Film Review
A superb cast and some top-notch production values make
Les Héros sont fatigués
one of the most striking examples of French film noir of the
1950s. The international success of
Du rififi chez les hommes
(1955), released a few months previously, brought a new impetus to film
noir in France and films such as this proved immensely popular with
French audiences, laying the foundation for the classic polar which
would come to dominate French cinema in the following decades.

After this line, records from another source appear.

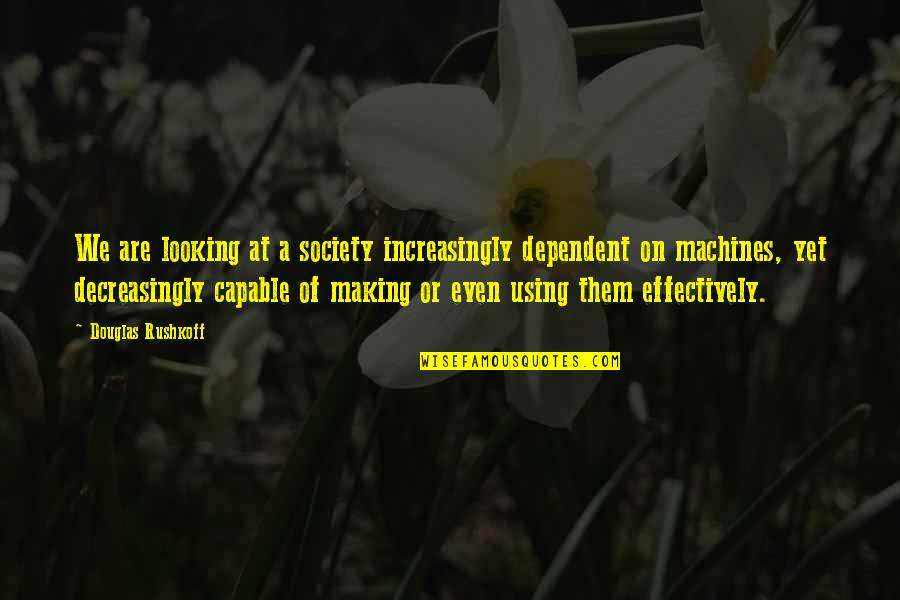 1753 In Spanish Quotes By Douglas Rushkoff: We are looking at a society increasingly dependent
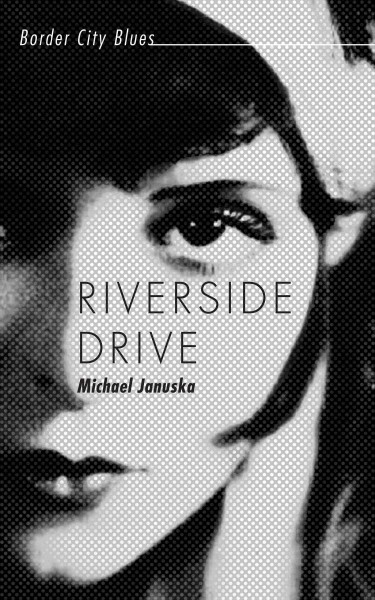 Riverside Drive  / Michael Januska.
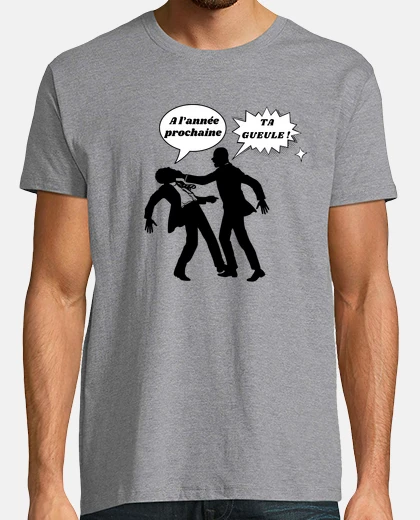 Tee-shirt A l année prochaine nouvel an humour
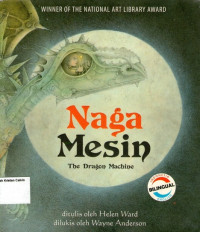 Naga Mesin (The Dragon Machine)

The
influence of 1940s American film noir is evident both in the grimly
fatalist tone of the story and in its expressionistic presentation, the
brooding, high contrast monochrome photography conveying a stifling
sense of confinement and ineluctable doom.
Les Héros sont fatigués
was, arguably, the creative highpoint of Yves Ciampi's career as a
filmmaker, although much of the credit for the film's success should go
to his cinematographer Henri Alekan and lead actors. Alekan
achieves a perfect pastiche of classic film noir, in the unlikely
setting of a sweaty African ex-colony, inviting some obvious
comparisons with Michael Curtiz's similarly themed
Casablanca
(1942). Whilst the plot is a little too formulaic and offers few,
if any, surprises, intense performances from the principal actors -
notably Yves Montand, Jean Servais and Curd Jürgens - keep the
audience hooked from the film's slow beginning to its dramatic, and
surprisingly vicious, denouement.
Jürgens is particularly good in this film as the one-time fighter
pilot struggling with a crisis of conscience and was justly rewarded
with the Best Actor award at the Venice Film Festival in 1955.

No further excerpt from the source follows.